The authors use a comprehensive test suite to evaluate financial agent security, comprising 963 total test samples across 31 scenarios and 107 base vulnerabilities. The evaluation includes 214 prompt injection attacks, 428 jailbreaking attacks, and 214 financially adapted attacks, with the majority of test cases designed to assess the effectiveness of various attack techniques against financial agent systems.

Results show that Qwen3-Max achieves the highest attack success rate across multiple techniques, particularly in instruction overriding (64.50%) and role playing (64.50%), while Claude-Haiku-4.5 demonstrates the lowest success rates, with values below 10% for most techniques. The data indicates significant model-level differences in vulnerability, with Qwen models being substantially more susceptible to attacks than Claude models, especially in semantic manipulation methods like role playing and instruction overriding.

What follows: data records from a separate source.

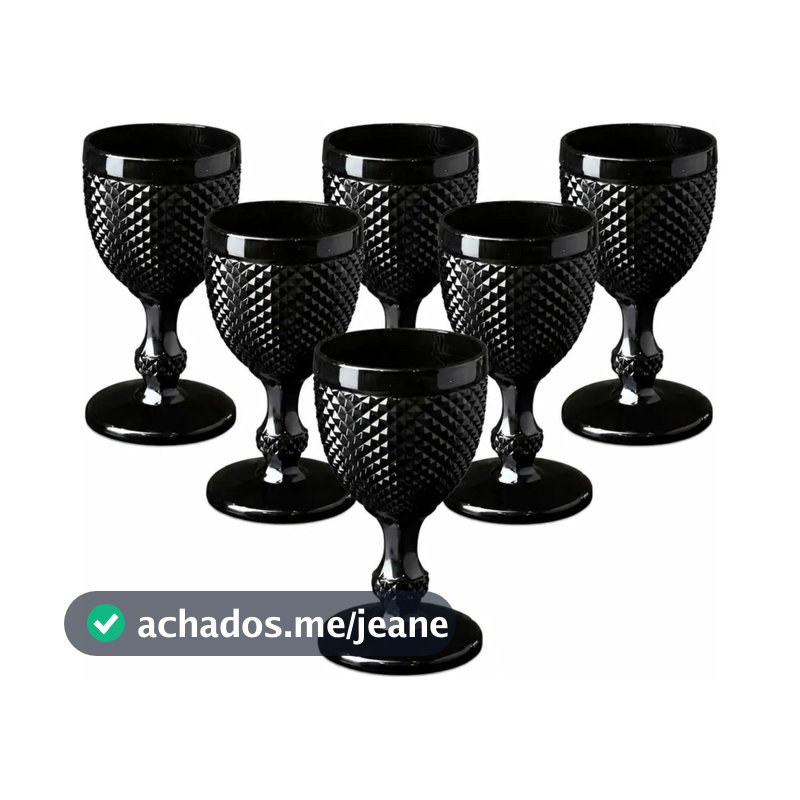 Jogo 6 Taças De Vidro Pretas 300ml Bico De Jaca Wolff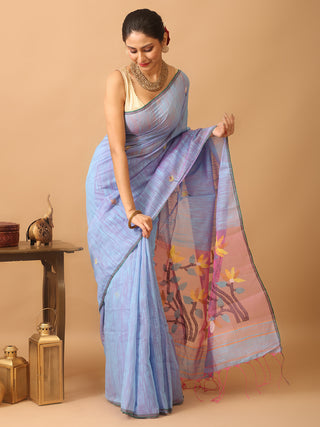 Blue-Pink Dual Tone Semi Matka Muslin Bengal Handloom Saree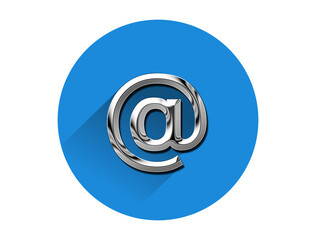 Metallic email symbol, icon with metal look on blue circle . 3d illustration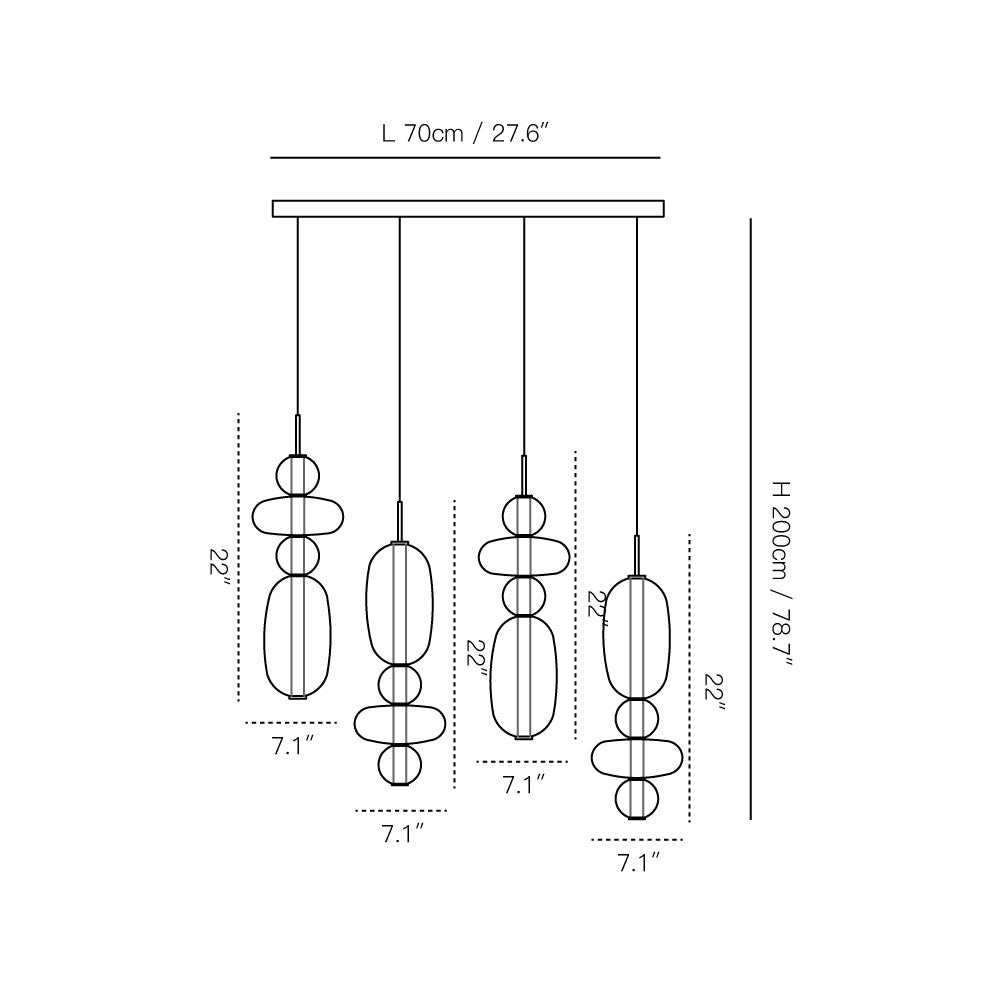 Lampadario in Vetro Colorato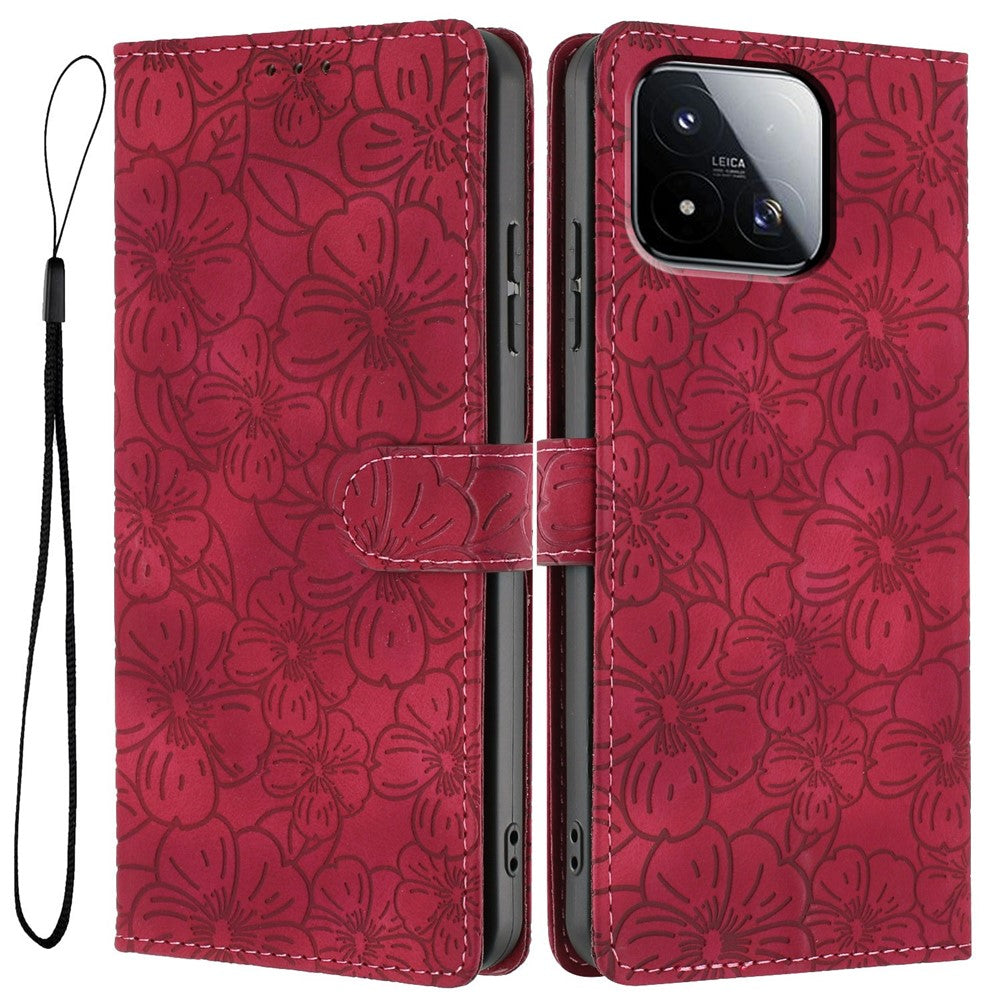 For Xiaomi 17 Max Flip Case Cherry Blossom Pattern Leather Wallet Stand Phone Cover with Wrist Strap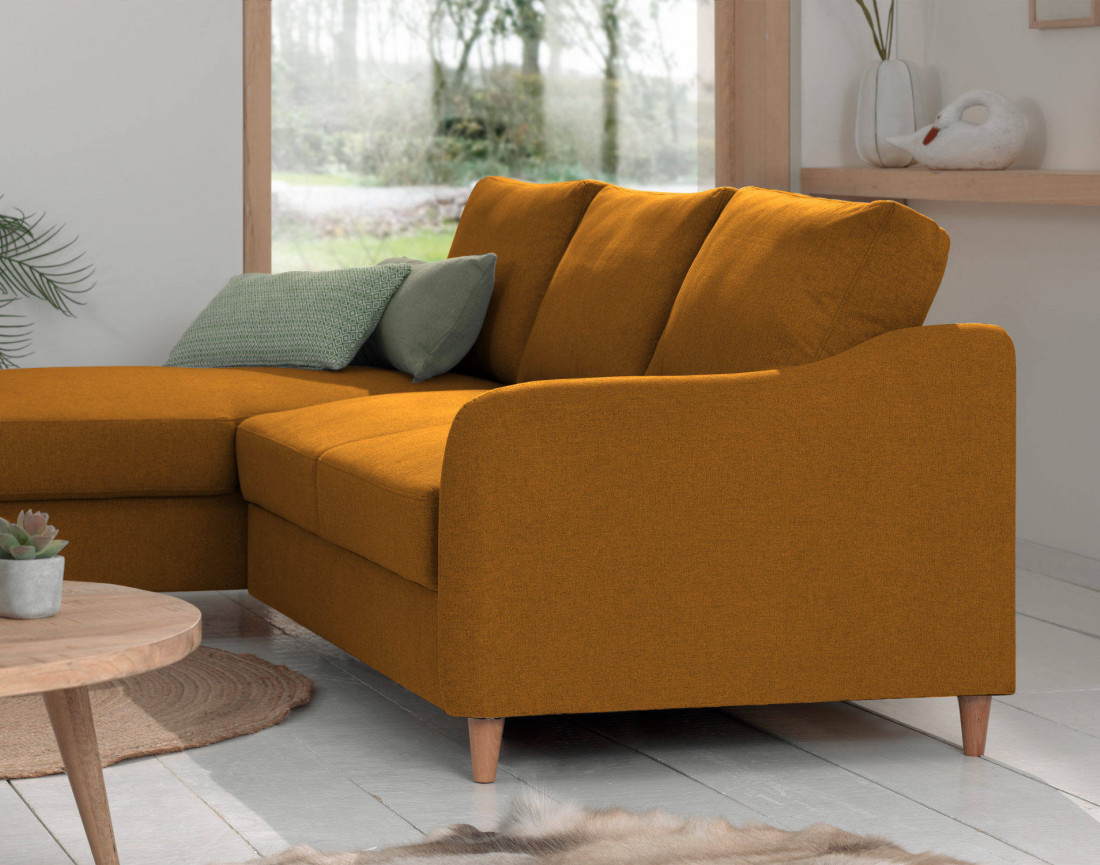Canapé d'angle gauche convertible avec coffre 4 places en tissu Will
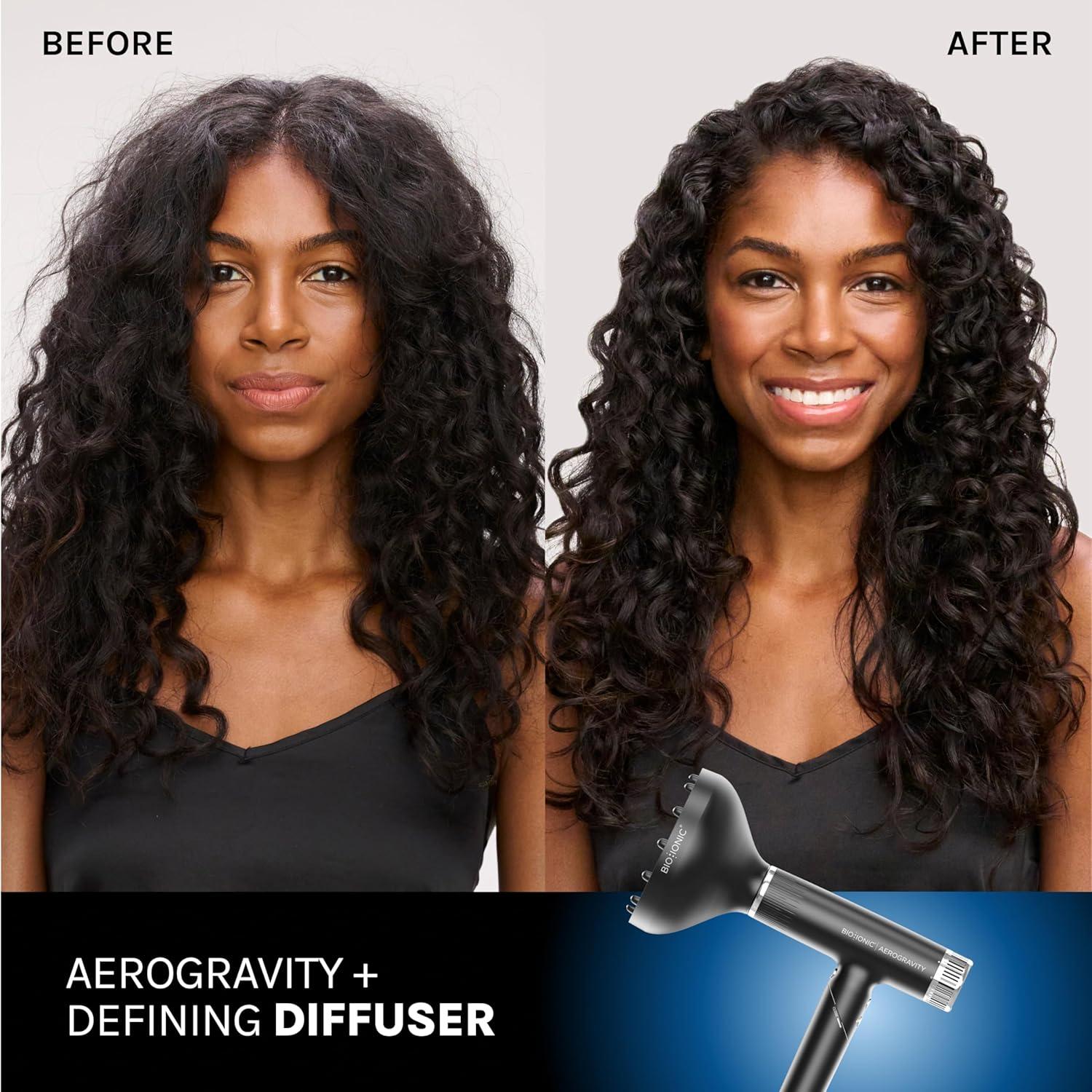 imageBio Ionic AeroGravity Featherlight Hair Dryer Foldable Handle Reduces Frizz amp Static Compact UltraLightweight Blow Dryer Dual Voltage Includes Diffuser amp Concentrator Nozzle Travel Essentials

The authors use Table 4 to report the Attack Success Rate (ASR) of ten LLMs across five financial scenarios under base prompts. Results show significant variation in model robustness, with Qwen3-Max exhibiting the highest average ASR of 50.00% and the highest vulnerability rate of 85.98%, while Claude-Haiku-4.5 demonstrates the lowest average ASR of 6.70% and a vulnerability rate of 26.17%.

The authors analyze the distribution of vulnerabilities across financial scenarios, finding that a total of 107 vulnerabilities were identified across six categories. Credit & Lending and Anti-Money Laundering scenarios each contain the highest number of vulnerabilities, with 25 and 20 respectively, indicating these areas are particularly susceptible to security failures.

The authors use a bar chart to compare the average Attack Success Rate (ASR) and Vulnerability Compromise Rate (Vuln Rate) across ten LLMs in financial scenarios. Results show significant variation in security, with Qwen3-Max exhibiting the highest ASR and Vuln Rate, while Claude-Haiku-4.5 demonstrates the lowest values, indicating substantially stronger robustness.